§ **Instructions to follow**
Your answer should hold exactly the lines below from the line with "If you want" through the line with "And then the", both included, and no pictures at all.

§ **Supplied entries**
# # #
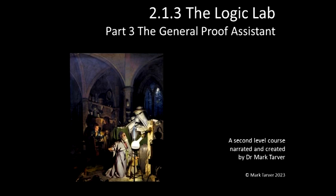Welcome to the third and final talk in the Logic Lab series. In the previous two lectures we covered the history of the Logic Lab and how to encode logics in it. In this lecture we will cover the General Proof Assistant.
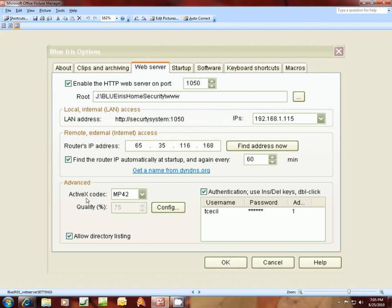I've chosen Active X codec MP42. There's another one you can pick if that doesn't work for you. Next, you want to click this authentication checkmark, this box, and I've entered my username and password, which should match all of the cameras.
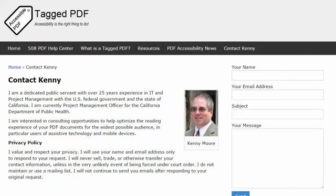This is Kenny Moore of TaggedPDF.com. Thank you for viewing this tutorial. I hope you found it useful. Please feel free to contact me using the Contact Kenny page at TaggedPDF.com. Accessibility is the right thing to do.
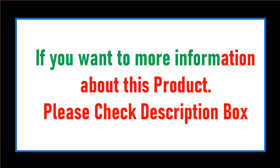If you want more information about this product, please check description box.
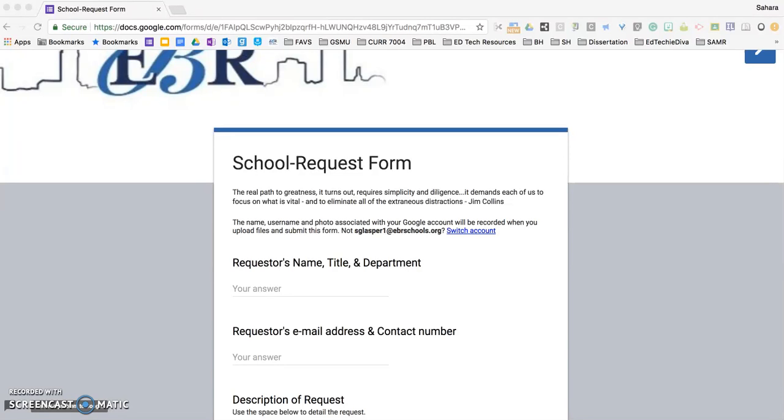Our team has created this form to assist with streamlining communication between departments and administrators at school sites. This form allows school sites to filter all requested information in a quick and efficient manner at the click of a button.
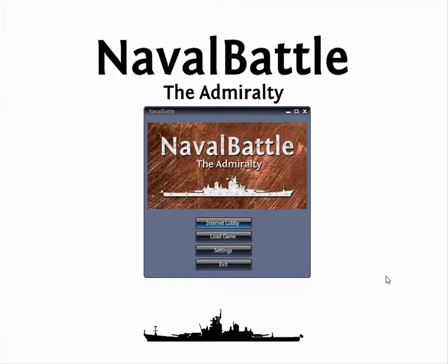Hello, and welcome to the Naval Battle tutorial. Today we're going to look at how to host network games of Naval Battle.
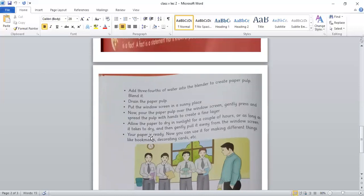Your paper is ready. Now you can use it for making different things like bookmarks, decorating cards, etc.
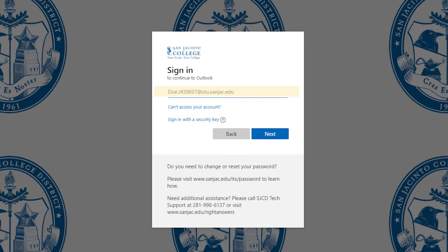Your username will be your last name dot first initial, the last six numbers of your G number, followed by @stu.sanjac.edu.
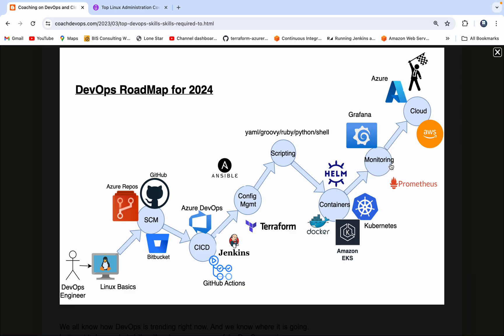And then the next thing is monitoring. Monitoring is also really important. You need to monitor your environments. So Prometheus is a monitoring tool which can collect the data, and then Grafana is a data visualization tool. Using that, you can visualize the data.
# # #
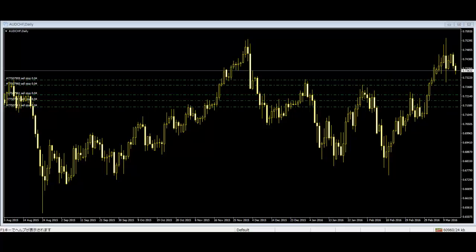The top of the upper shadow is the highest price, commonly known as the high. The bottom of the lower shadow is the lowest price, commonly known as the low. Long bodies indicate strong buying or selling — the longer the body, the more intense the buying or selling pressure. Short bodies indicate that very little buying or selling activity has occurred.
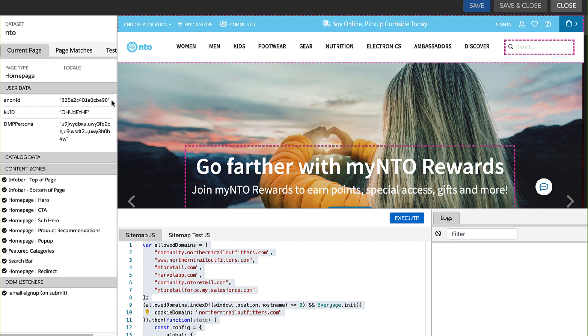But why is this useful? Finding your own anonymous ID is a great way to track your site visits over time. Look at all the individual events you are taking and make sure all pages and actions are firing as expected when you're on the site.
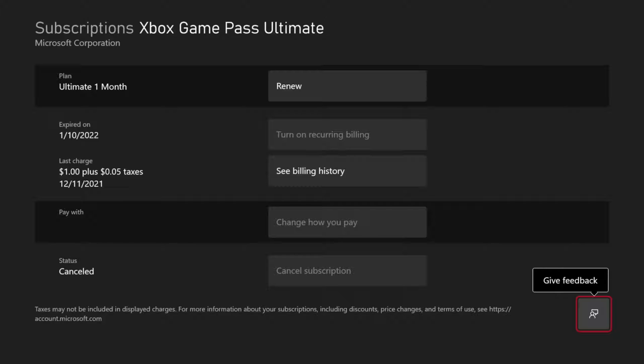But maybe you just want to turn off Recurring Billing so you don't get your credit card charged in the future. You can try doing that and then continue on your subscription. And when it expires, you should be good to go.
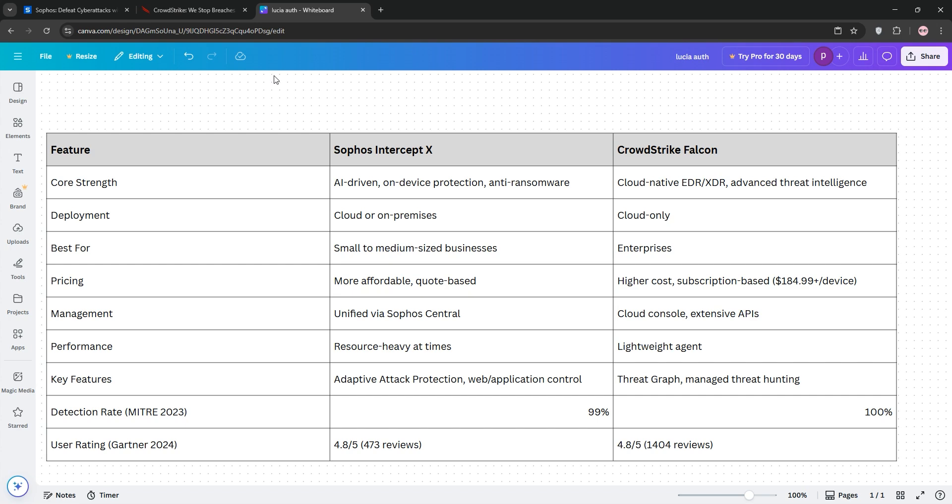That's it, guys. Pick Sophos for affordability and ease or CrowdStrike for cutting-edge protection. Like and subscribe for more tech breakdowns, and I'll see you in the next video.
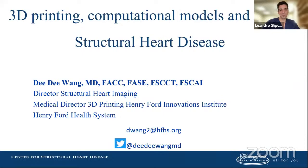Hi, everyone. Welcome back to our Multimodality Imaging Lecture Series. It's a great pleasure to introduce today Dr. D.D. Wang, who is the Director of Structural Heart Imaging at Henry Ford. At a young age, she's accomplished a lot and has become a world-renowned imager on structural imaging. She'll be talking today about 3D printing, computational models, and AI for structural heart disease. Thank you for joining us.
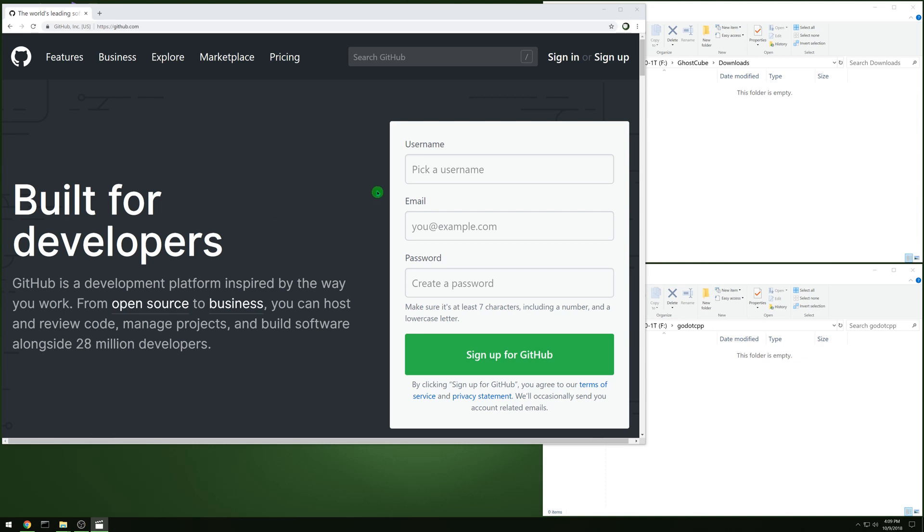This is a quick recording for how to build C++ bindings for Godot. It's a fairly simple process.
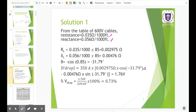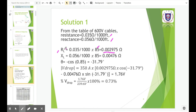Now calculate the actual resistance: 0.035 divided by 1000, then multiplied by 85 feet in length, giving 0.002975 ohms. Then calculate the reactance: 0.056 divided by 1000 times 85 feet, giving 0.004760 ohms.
# # #
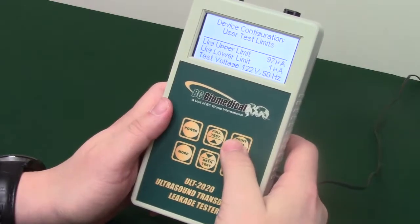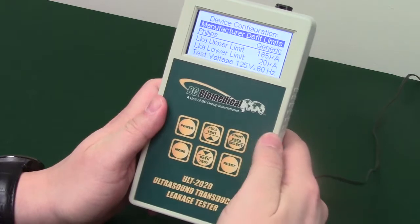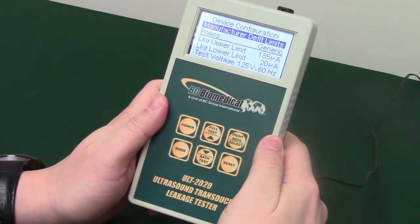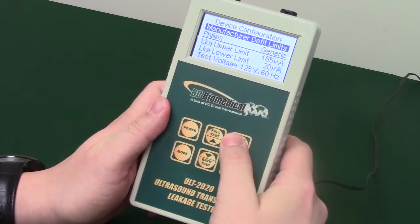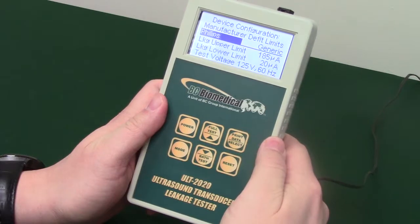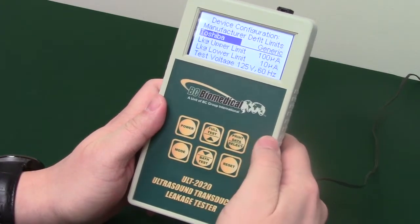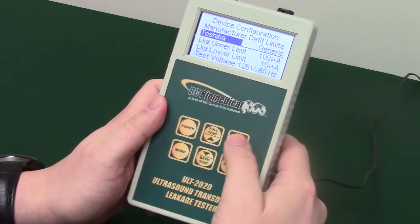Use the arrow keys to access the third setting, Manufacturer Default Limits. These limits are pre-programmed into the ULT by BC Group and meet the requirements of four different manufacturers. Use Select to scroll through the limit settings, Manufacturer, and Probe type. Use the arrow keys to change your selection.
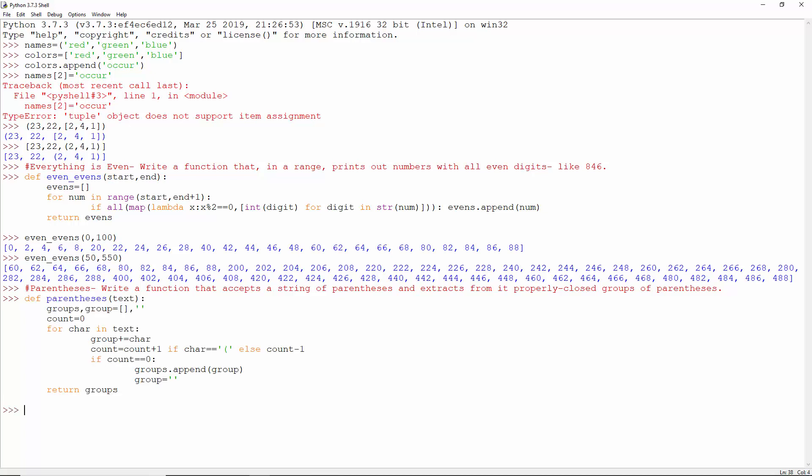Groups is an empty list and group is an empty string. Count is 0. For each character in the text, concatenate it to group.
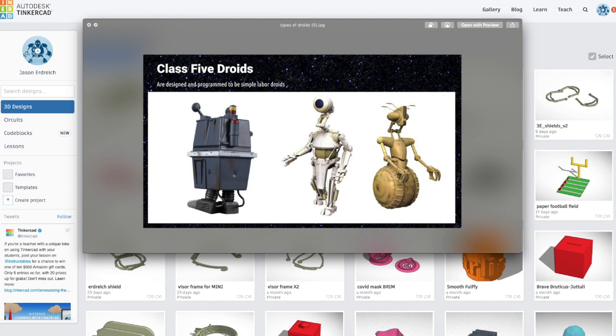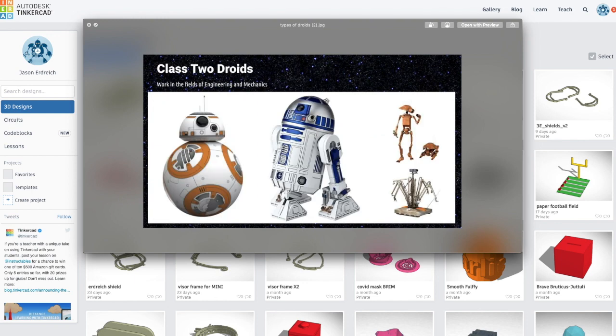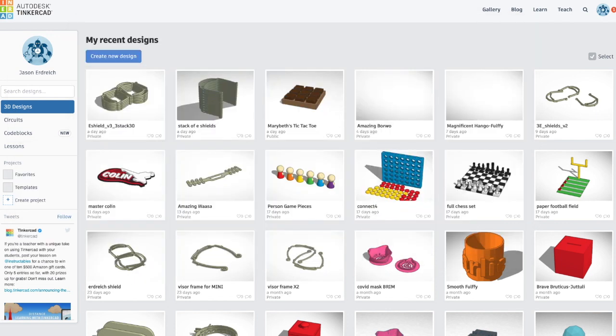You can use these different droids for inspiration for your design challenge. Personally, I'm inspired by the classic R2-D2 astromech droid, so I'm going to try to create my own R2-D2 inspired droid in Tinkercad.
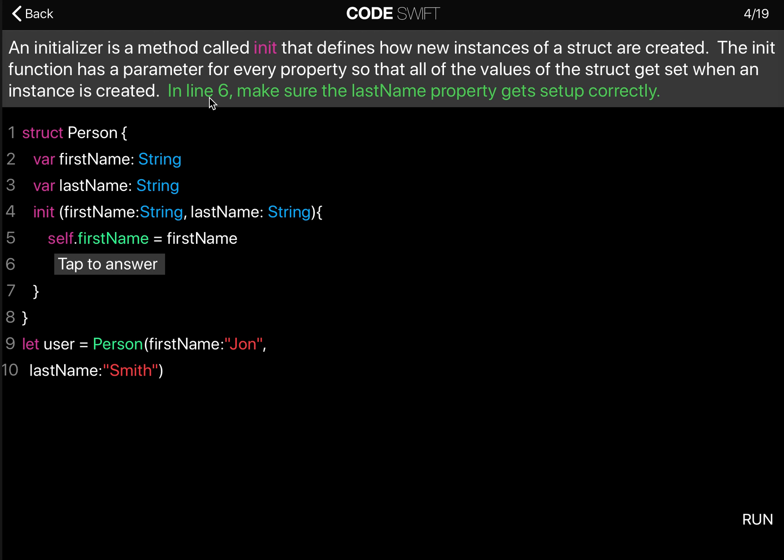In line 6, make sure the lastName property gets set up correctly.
# # #
§ **Exercise result**
If you want more information about this product, please check description box.
Our team has created this form to assist with streamlining communication between departments and administrators at school sites. This form allows school sites to filter all requested information in a quick and efficient manner at the click of a button.
Hello, and welcome to the Naval Battle tutorial. Today we're going to look at how to host network games of Naval Battle.
Your paper is ready. Now you can use it for making different things like bookmarks, decorating cards, etc.
Your username will be your last name dot first initial, the last six numbers of your G number, followed by @stu.sanjac.edu.
And then the next thing is monitoring. Monitoring is also really important. You need to monitor your environments. So Prometheus is a monitoring tool which can collect the data, and then Grafana is a data visualization tool. Using that, you can visualize the data.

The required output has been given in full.